- **ASSIGNMENT**
Output only the lines below from the one holding "Snap-On Dentures™ De perfecte lach" down to the one holding "TNK1 Antibody", both end lines included and every picture dropped.

DATA EXCERPTS section start

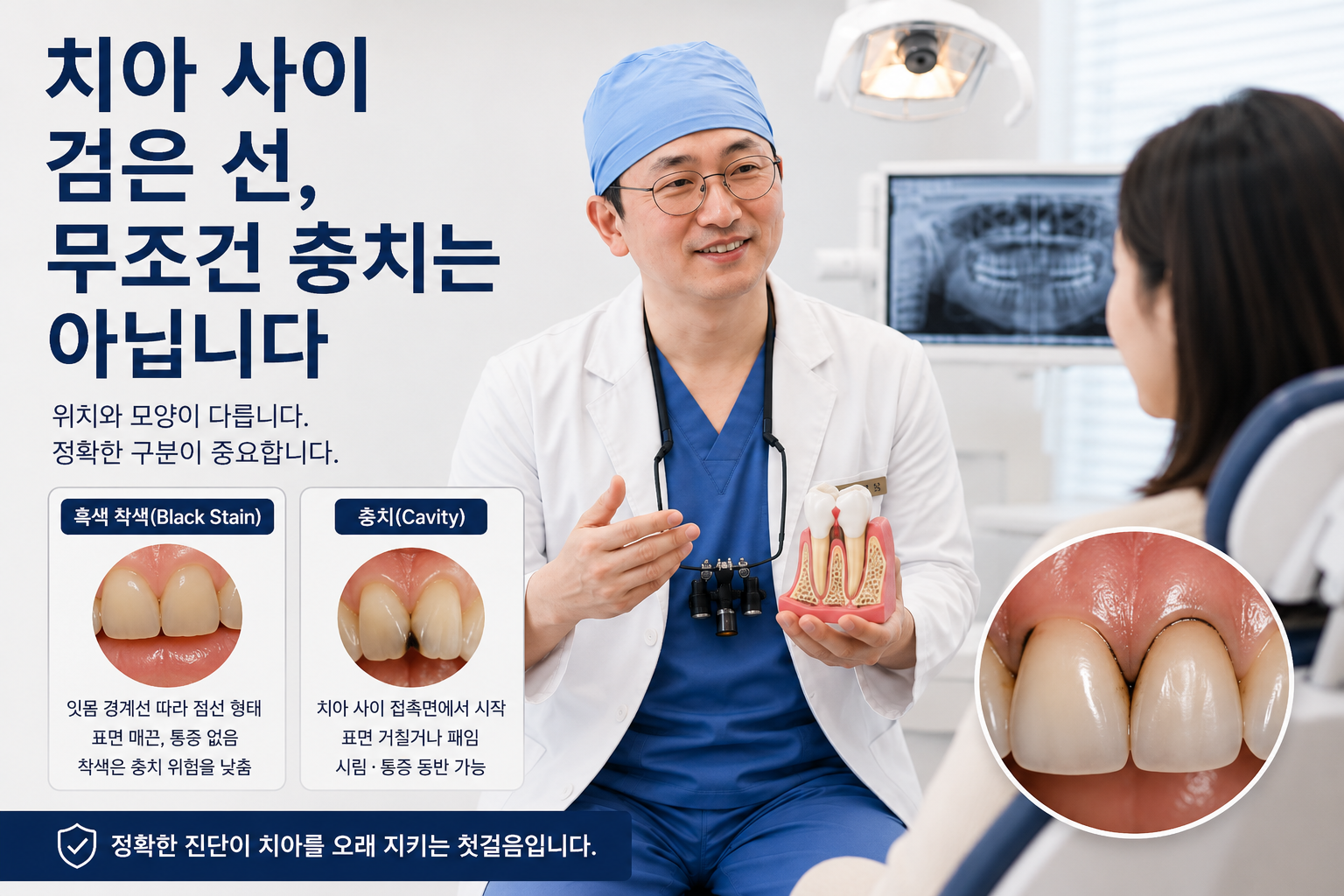 치아 사이 검은 선, 무조건 충치는 아닙니다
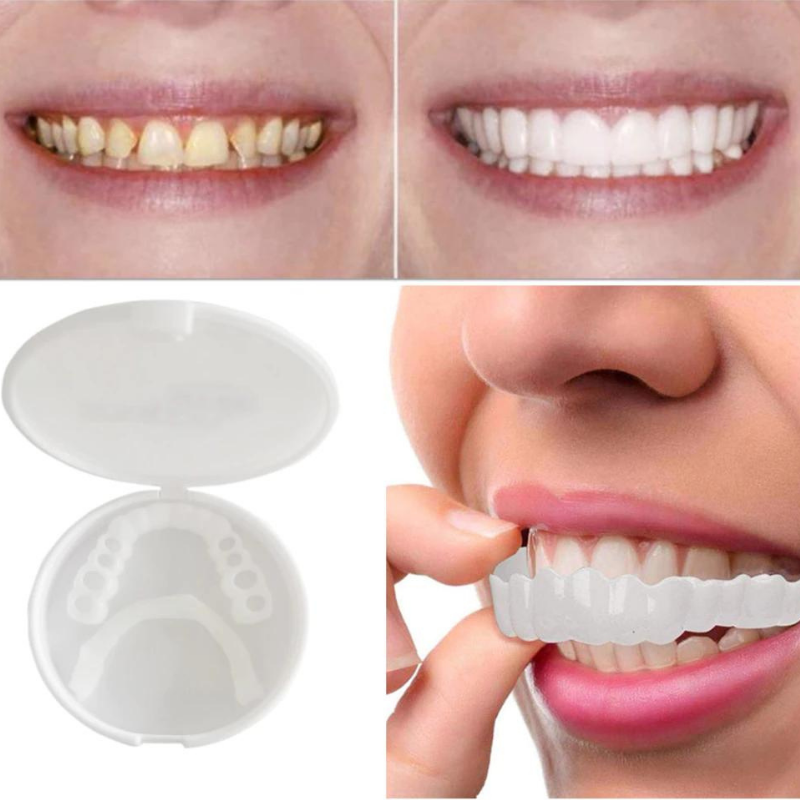 Snap-On Dentures™ De perfecte lach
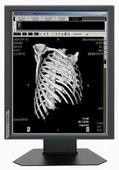 Good price 850cd/m2 επιδείξεις 20,1» μέγεθος G51SP ιατρικού βαθμού φωτεινότητας τύπων σε απευθείας σύνδεση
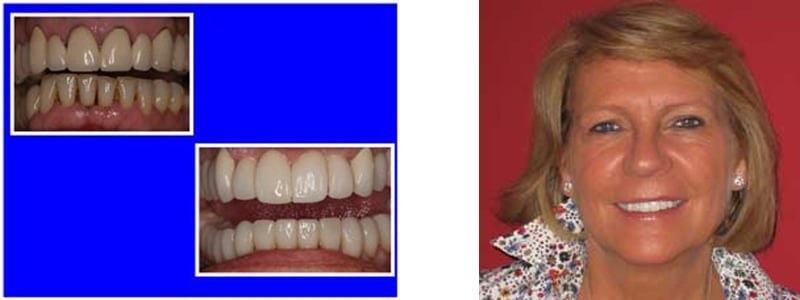 Before & After Veneers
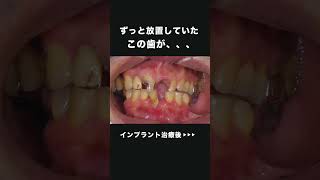 ずっと放置していた歯が、、 #dentalclinic #doctor #インプラント #インプラント治療 #ビフォーアフター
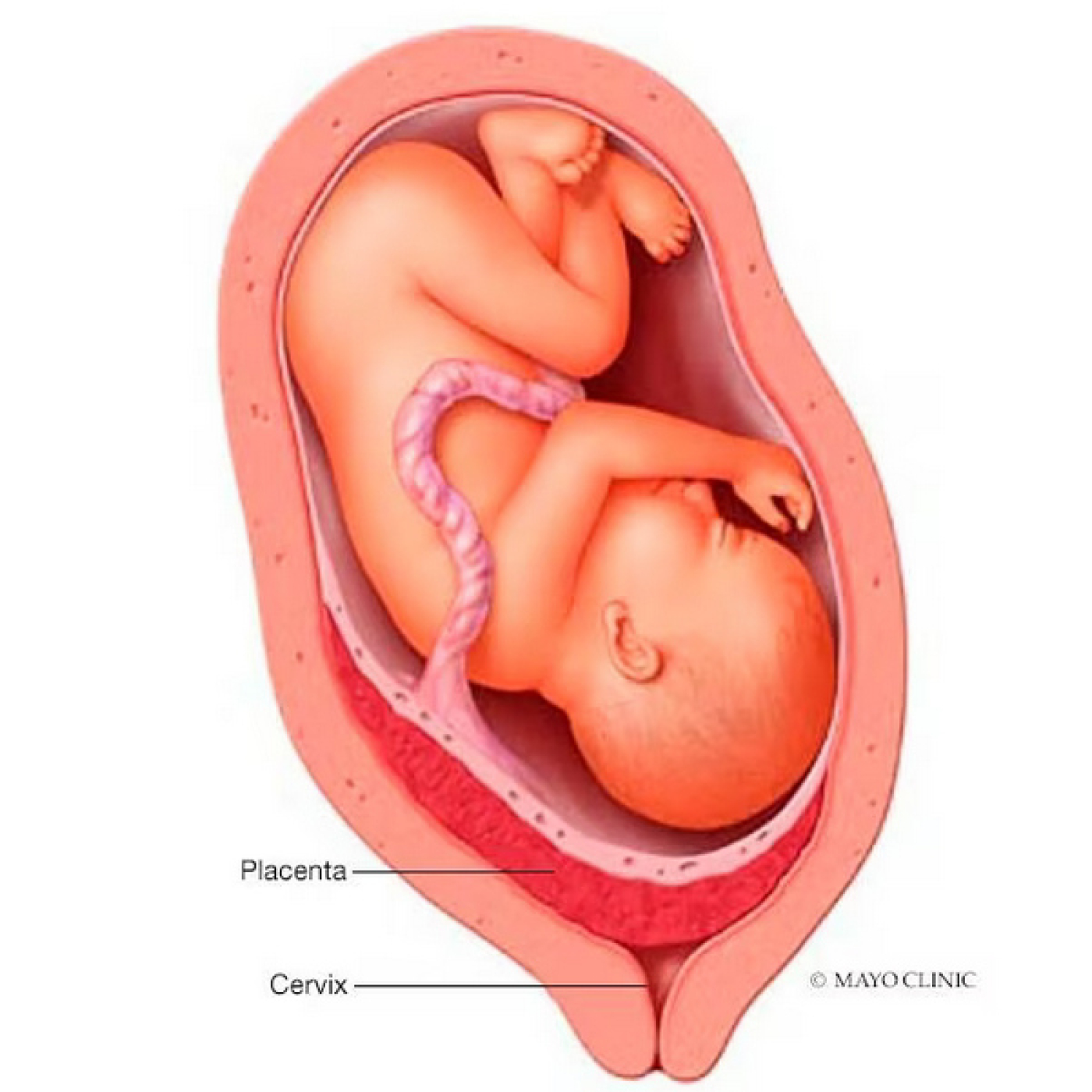 ¿Presentas sangrado vaginal sin dolor en el segundo trimestre de embarazo?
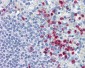 MMP9 / Gelatinase B Antibody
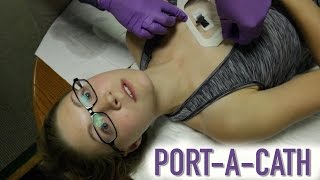 HOW TO ACCESS A PORTACATH IMPLANTED PORT [upl. by Thoer975]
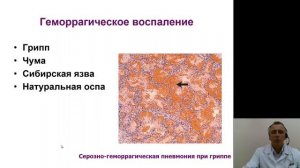 Патанатомия 3.Воспаление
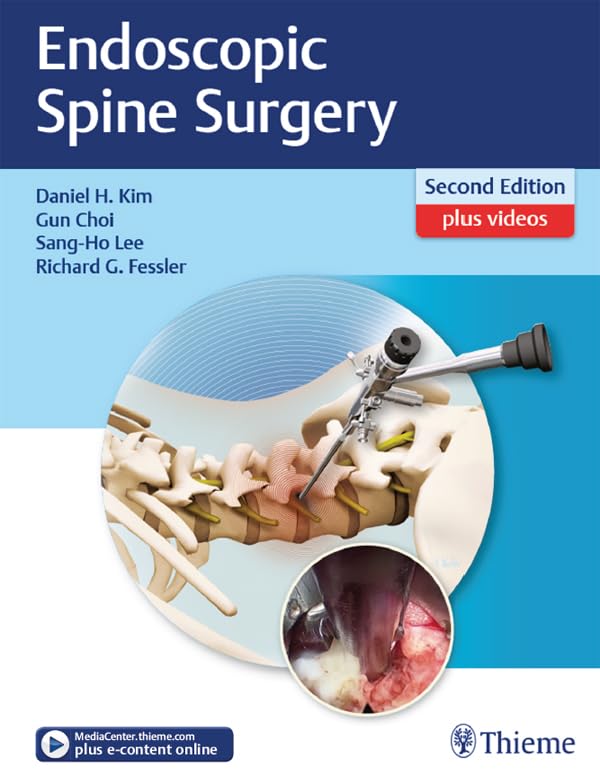 Endoscopic Spine Surgery - Retail Maharaj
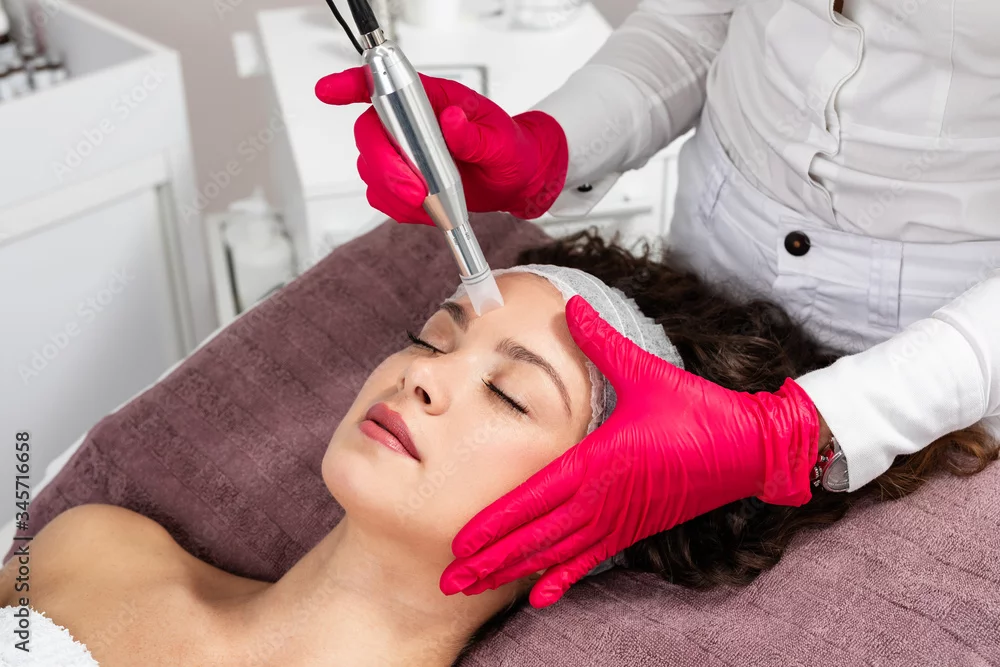 Microneedling treatment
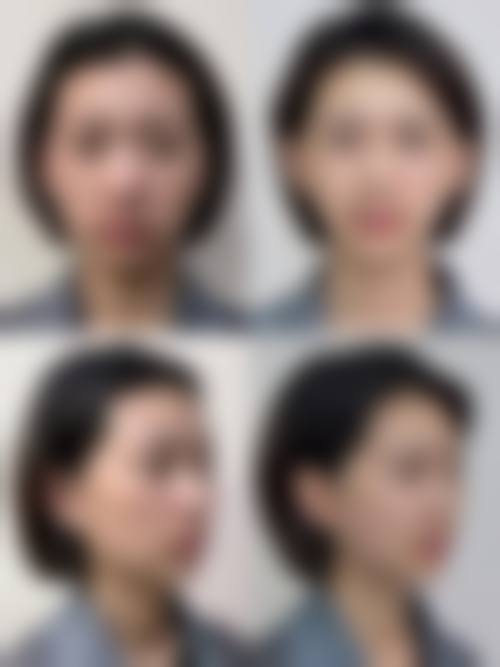 六、伊特整形外科价格表：（仅供参考）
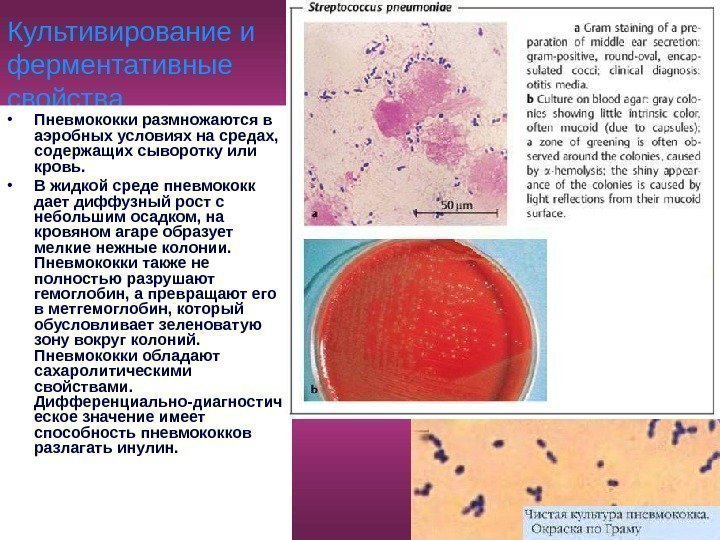   Культивирование и ферментативные свойства • Пневмококки размножаются в аэробных условиях на средах,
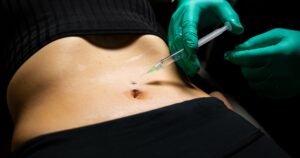 Top Features of a Trusted Body Fillers Clinic 1 Top Features of a Trusted Body Fillers Clinic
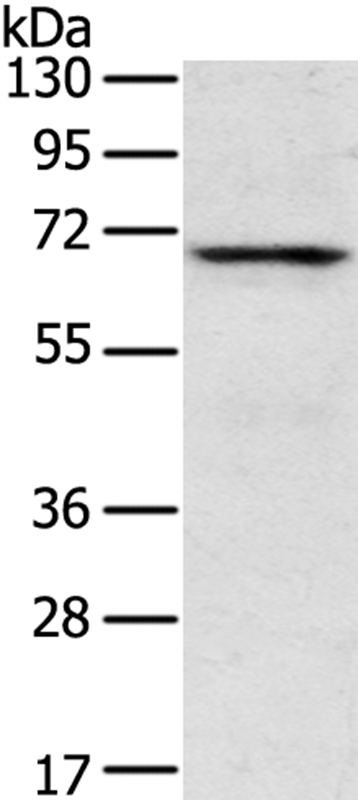 TNK1 Antibody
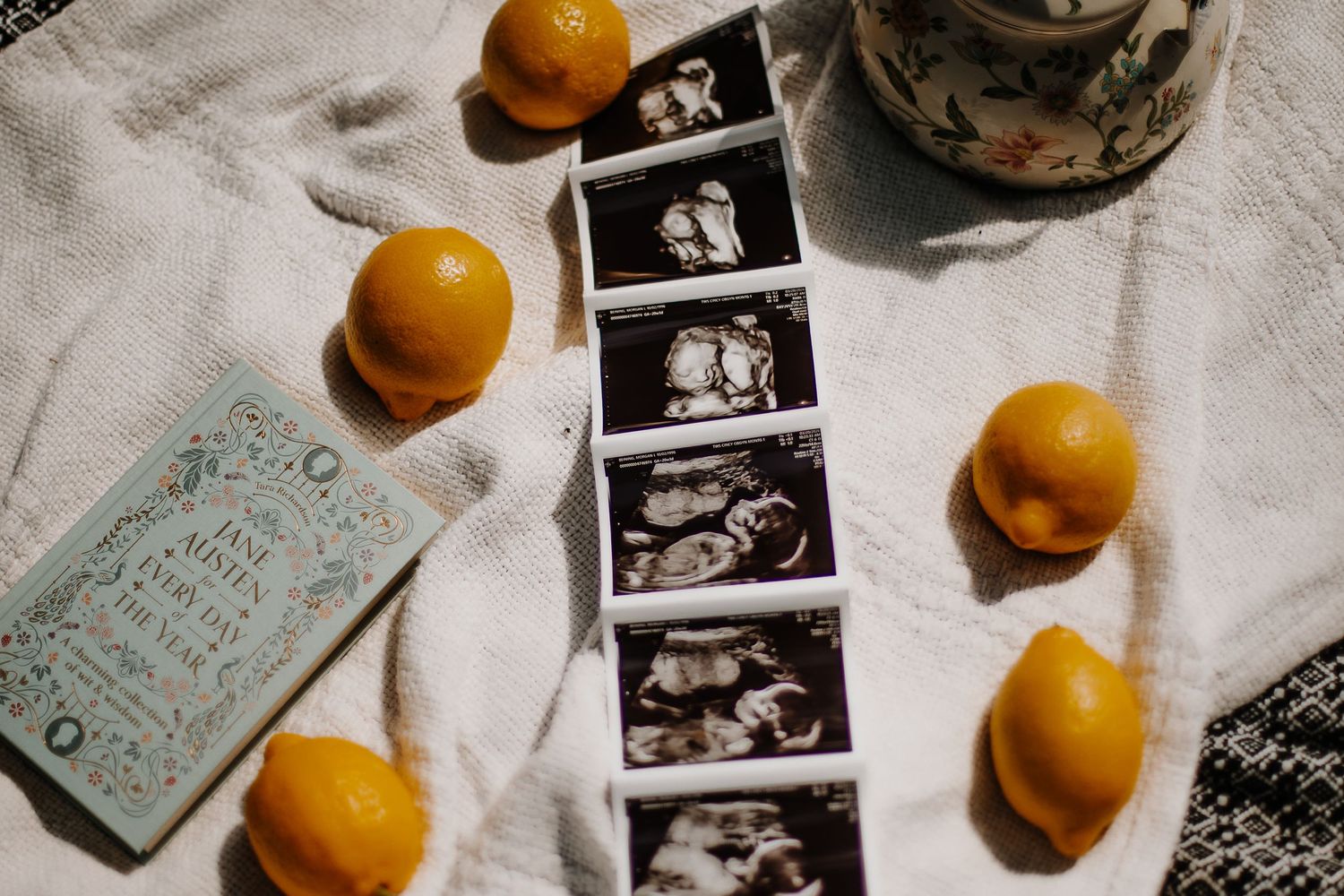 Ultrasound photos strip surrounded by yellow lemons on white cloth with vintage book.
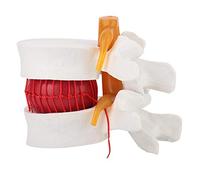 1: 1.5 Modello di dimostrazione dell'ernia del disco Modello medico della colonna vertebrale lombare Modello di studio Modello della colonna vertebrale vertebrale lombare Impara l'educazione fisica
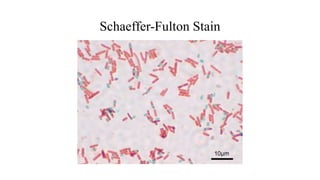 Schaeffer-Fulton Stain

DATA EXCERPTS section end

- **ANSWER FOR THE TASK**
 Snap-On Dentures™ De perfecte lach
 Good price 850cd/m2 επιδείξεις 20,1» μέγεθος G51SP ιατρικού βαθμού φωτεινότητας τύπων σε απευθείας σύνδεση
 Before & After Veneers
 ずっと放置していた歯が、、 #dentalclinic #doctor #インプラント #インプラント治療 #ビフォーアフター
 ¿Presentas sangrado vaginal sin dolor en el segundo trimestre de embarazo?
 MMP9 / Gelatinase B Antibody
 HOW TO ACCESS A PORTACATH IMPLANTED PORT [upl. by Thoer975]
 Патанатомия 3.Воспаление
 Endoscopic Spine Surgery - Retail Maharaj
 Microneedling treatment
 六、伊特整形外科价格表：（仅供参考）
   Культивирование и ферментативные свойства • Пневмококки размножаются в аэробных условиях на средах,
 Top Features of a Trusted Body Fillers Clinic 1 Top Features of a Trusted Body Fillers Clinic
 TNK1 Antibody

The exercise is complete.